Il y avait là plus de finesse, et une comparaison flatteuse, de sorte qu’il me sembla que j’avais remporté un avantage. Comme il m’était loisible de le poursuivre, en établissant un solide grief, je lui demandai pourquoi, puisqu’elle trouvait mon jardin agréable, elle ne m’avait jamais adressé aucun remerciement pour les fleurs que depuis trois semaines j’envoyais en de telles quantités. Cela ne m’avait pas découragé : comme elle avait pu l’observer, chaque jour apportait sa brassée ; mais j’avais été élevé selon les usages, et un mot de remerciement m’aurait touché à l’endroit sensible.

— Mais je ne savais pas qu’elles fussent pour moi !

— Elles vous sont destinées à toutes deux. Pourquoi ferais-je une différence entre vous ?

Miss Tina se plongea dans ses réflexions comme pour en tirer une raison à me donner, mais ne réussit pas à l’extraire. Au lieu de répondre, elle demanda brusquement :

— Pourquoi donc tenez-vous tant que cela à nous connaître ?

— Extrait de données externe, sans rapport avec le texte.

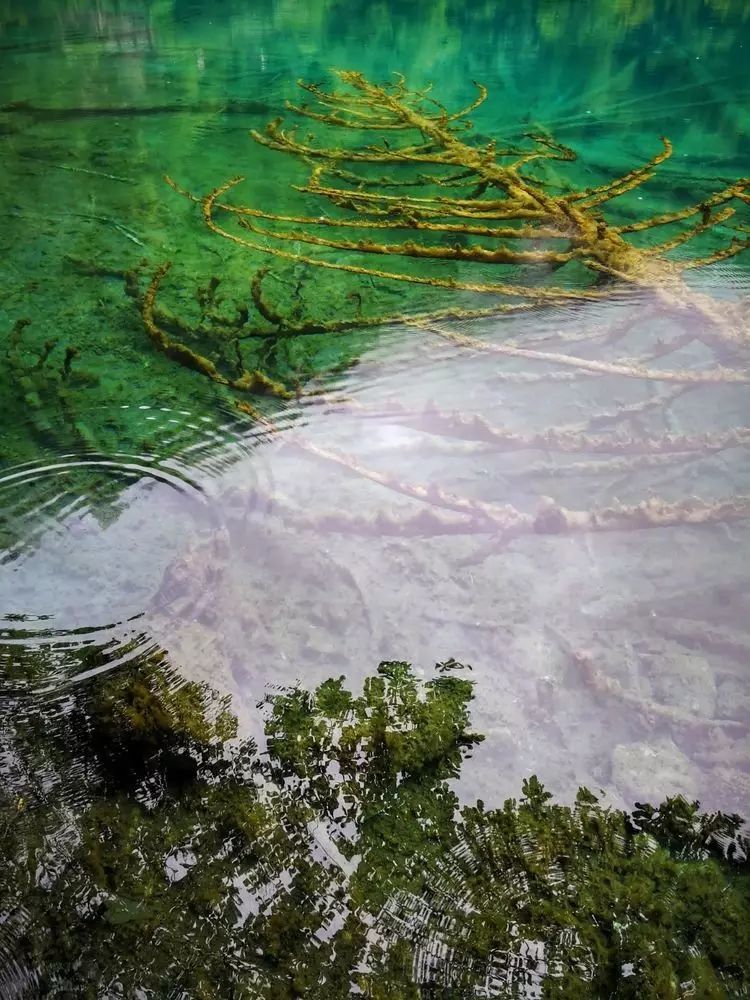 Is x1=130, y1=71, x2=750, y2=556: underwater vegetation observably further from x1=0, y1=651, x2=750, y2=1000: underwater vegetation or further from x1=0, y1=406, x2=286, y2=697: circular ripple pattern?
x1=0, y1=651, x2=750, y2=1000: underwater vegetation

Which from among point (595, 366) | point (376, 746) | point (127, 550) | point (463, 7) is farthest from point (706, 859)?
point (463, 7)

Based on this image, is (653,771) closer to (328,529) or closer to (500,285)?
(328,529)

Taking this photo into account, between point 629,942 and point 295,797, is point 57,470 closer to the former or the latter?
point 295,797

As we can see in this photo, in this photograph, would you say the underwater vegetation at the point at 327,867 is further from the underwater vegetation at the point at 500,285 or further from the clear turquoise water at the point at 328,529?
the underwater vegetation at the point at 500,285

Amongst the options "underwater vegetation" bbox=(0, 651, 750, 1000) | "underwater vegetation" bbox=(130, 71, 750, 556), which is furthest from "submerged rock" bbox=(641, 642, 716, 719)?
"underwater vegetation" bbox=(130, 71, 750, 556)

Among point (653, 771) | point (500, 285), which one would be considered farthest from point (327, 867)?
point (500, 285) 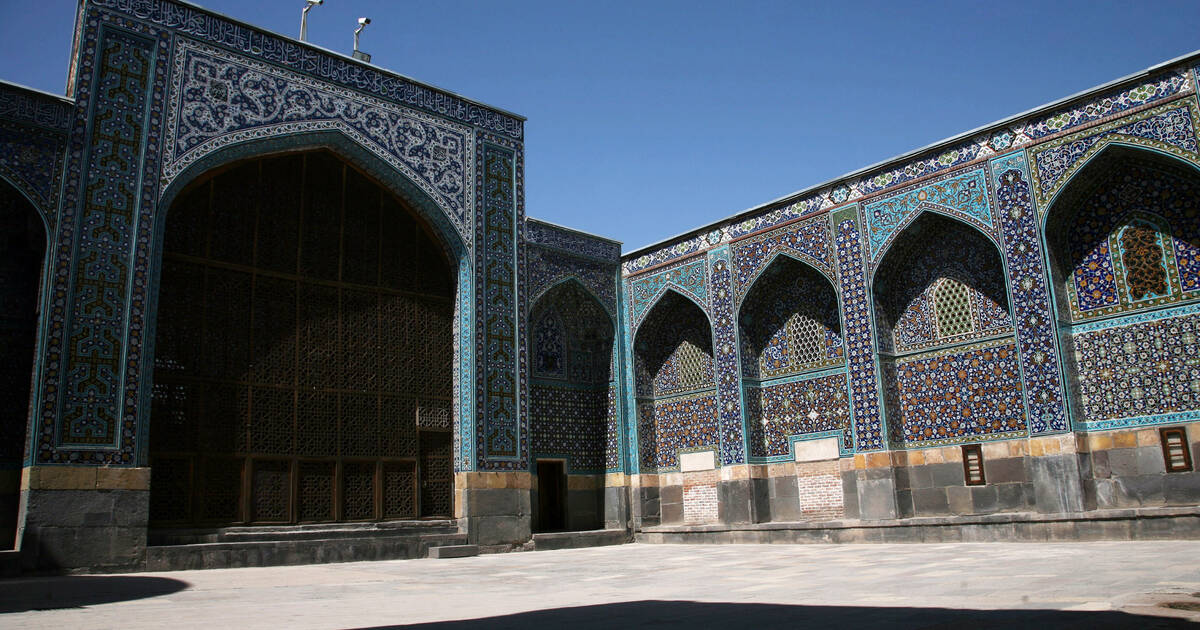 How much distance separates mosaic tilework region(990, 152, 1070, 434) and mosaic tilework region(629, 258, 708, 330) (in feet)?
14.7

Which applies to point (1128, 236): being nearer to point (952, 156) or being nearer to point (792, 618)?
point (952, 156)

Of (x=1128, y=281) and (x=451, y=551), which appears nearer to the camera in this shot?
(x=1128, y=281)

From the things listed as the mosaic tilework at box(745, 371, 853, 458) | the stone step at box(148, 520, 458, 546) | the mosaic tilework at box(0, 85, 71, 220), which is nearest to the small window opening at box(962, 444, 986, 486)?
the mosaic tilework at box(745, 371, 853, 458)

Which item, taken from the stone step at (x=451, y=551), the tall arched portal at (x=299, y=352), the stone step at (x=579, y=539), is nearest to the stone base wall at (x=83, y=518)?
the tall arched portal at (x=299, y=352)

— Ici, je me permettrai de faire une différence, répliquai-je. Cette question est de votre tante ; elle ne vient pas de vous. Vous ne me la poseriez pas si elle ne vous avait pas été soufflée.

— Elle ne m’a pas dit de vous interroger, répliqua Miss Tina, nullement confuse. Elle était vraiment le plus singulier mélange de timidité et d’aplomb.